Extract exactly and only the lines of the data below, starting at the line with "Audi Q5 SQ5" and stopping after the final line.

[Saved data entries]

━━━

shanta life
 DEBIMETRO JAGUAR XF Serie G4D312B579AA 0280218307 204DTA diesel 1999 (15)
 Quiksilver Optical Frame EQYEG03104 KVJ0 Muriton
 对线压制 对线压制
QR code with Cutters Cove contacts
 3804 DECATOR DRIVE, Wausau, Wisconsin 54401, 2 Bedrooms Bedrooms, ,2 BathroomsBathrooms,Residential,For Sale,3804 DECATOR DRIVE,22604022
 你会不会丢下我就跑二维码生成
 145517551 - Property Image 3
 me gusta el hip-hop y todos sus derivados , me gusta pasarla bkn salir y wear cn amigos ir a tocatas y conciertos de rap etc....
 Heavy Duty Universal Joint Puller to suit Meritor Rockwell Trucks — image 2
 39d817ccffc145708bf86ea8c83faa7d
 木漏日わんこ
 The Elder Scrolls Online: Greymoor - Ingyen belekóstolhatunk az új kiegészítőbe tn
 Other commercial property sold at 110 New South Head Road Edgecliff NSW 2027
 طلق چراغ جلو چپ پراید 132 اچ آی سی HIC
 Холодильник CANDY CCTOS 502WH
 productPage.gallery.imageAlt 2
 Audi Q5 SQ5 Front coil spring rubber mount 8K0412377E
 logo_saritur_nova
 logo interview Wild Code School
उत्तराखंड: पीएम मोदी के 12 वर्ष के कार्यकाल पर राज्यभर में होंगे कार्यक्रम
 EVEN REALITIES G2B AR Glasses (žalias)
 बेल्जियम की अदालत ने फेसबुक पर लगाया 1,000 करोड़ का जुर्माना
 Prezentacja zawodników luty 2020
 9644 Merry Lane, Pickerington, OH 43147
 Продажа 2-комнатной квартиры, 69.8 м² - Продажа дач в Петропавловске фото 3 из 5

━━━

Answer to this problem
 Audi Q5 SQ5 Front coil spring rubber mount 8K0412377E
 logo_saritur_nova
 logo interview Wild Code School
उत्तराखंड: पीएम मोदी के 12 वर्ष के कार्यकाल पर राज्यभर में होंगे कार्यक्रम
 EVEN REALITIES G2B AR Glasses (žalias)
 बेल्जियम की अदालत ने फेसबुक पर लगाया 1,000 करोड़ का जुर्माना
 Prezentacja zawodników luty 2020
 9644 Merry Lane, Pickerington, OH 43147
 Продажа 2-комнатной квартиры, 69.8 м² - Продажа дач в Петропавловске фото 3 из 5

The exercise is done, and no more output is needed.